After finding "Sterling Silver Cubic" in the data, write out its line and all following lines without change, up to and including the last one. Leave out pictures.
Segment Start: Records supplied
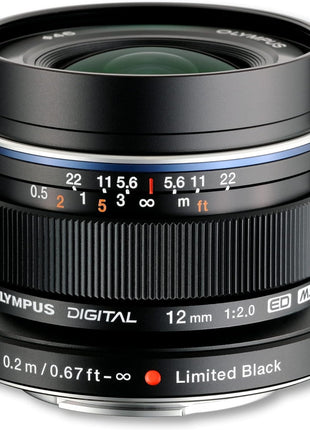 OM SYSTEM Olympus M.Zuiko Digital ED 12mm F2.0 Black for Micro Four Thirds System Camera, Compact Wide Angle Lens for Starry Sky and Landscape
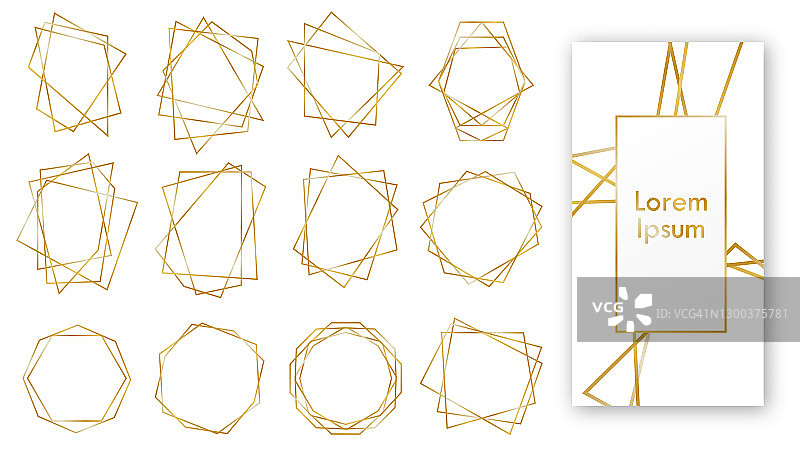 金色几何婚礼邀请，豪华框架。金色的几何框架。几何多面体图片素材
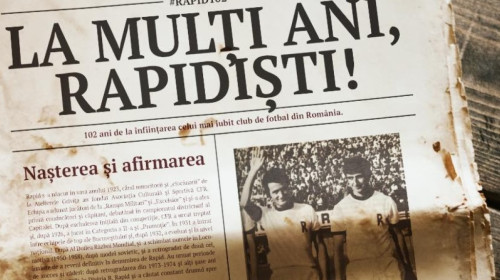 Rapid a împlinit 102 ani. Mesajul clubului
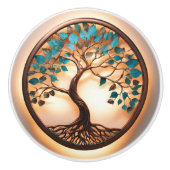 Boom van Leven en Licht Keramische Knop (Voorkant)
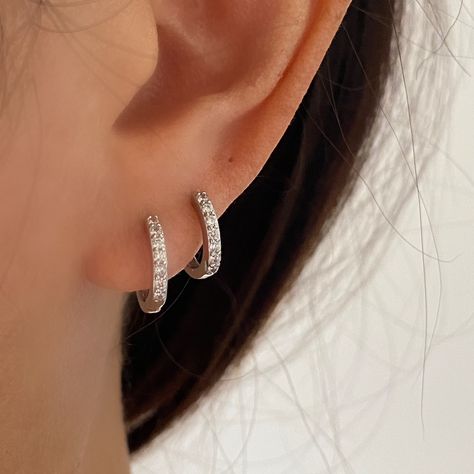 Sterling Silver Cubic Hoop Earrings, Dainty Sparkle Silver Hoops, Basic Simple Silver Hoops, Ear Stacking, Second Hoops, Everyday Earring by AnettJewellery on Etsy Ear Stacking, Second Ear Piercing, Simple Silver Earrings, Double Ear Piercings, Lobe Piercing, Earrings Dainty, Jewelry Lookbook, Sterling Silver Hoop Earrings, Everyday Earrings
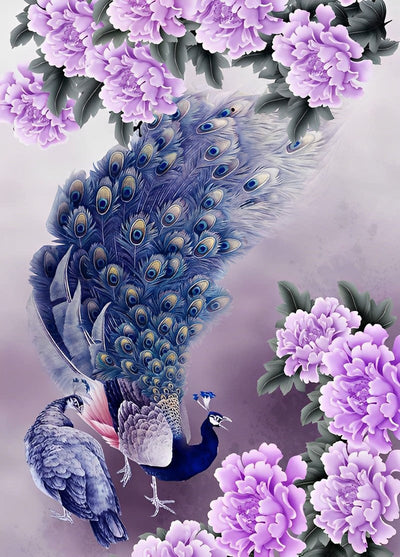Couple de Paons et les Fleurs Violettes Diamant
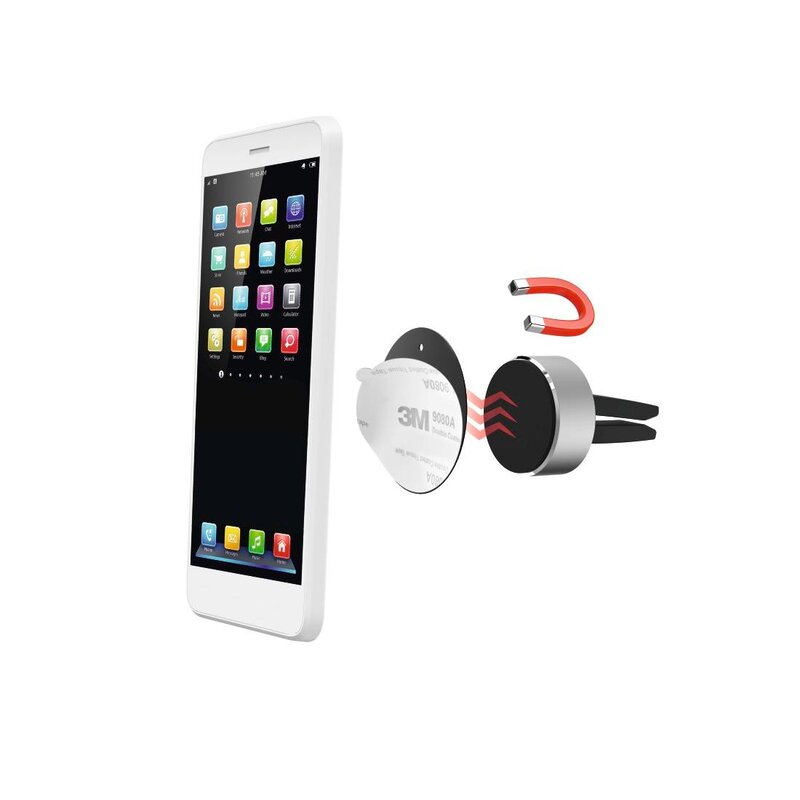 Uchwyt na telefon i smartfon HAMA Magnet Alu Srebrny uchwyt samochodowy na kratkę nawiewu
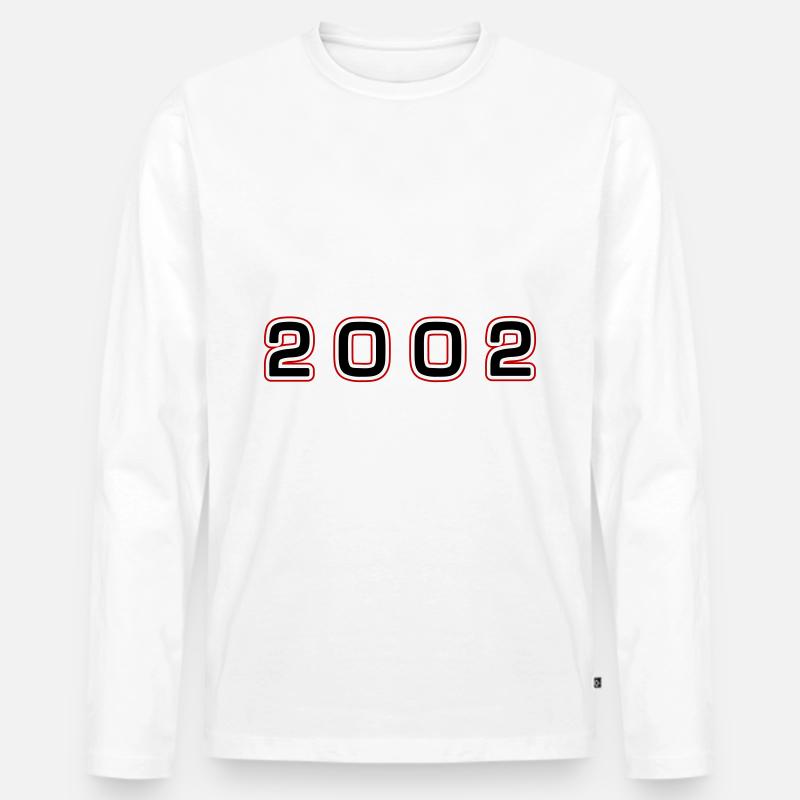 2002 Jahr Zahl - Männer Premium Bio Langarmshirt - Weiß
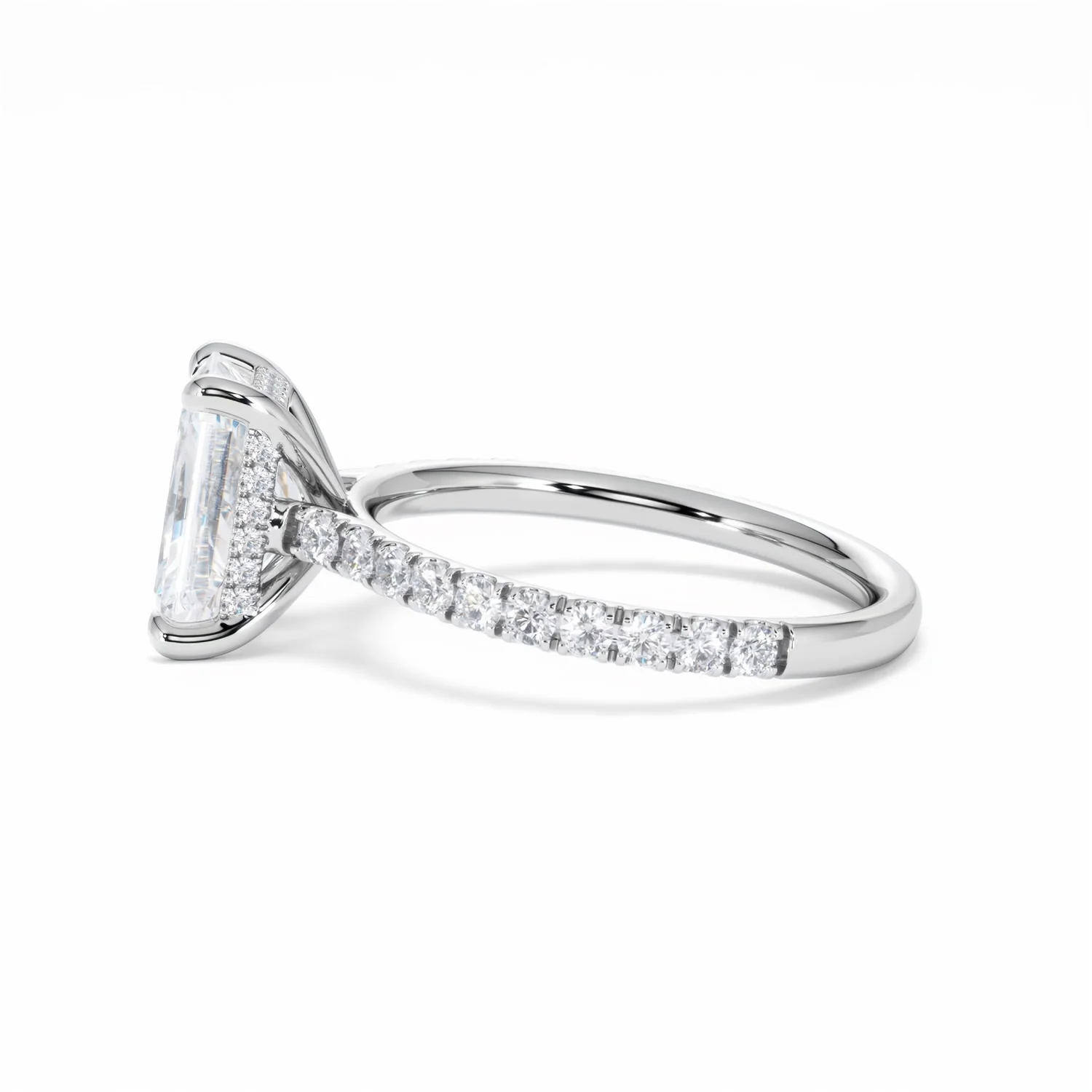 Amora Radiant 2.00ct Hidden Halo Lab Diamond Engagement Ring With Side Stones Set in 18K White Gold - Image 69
Segment End: Records supplied
→ Expected output
 Sterling Silver Cubic Hoop Earrings, Dainty Sparkle Silver Hoops, Basic Simple Silver Hoops, Ear Stacking, Second Hoops, Everyday Earring by AnettJewellery on Etsy Ear Stacking, Second Ear Piercing, Simple Silver Earrings, Double Ear Piercings, Lobe Piercing, Earrings Dainty, Jewelry Lookbook, Sterling Silver Hoop Earrings, Everyday Earrings
Couple de Paons et les Fleurs Violettes Diamant
 Uchwyt na telefon i smartfon HAMA Magnet Alu Srebrny uchwyt samochodowy na kratkę nawiewu
 2002 Jahr Zahl - Männer Premium Bio Langarmshirt - Weiß
 Amora Radiant 2.00ct Hidden Halo Lab Diamond Engagement Ring With Side Stones Set in 18K White Gold - Image 69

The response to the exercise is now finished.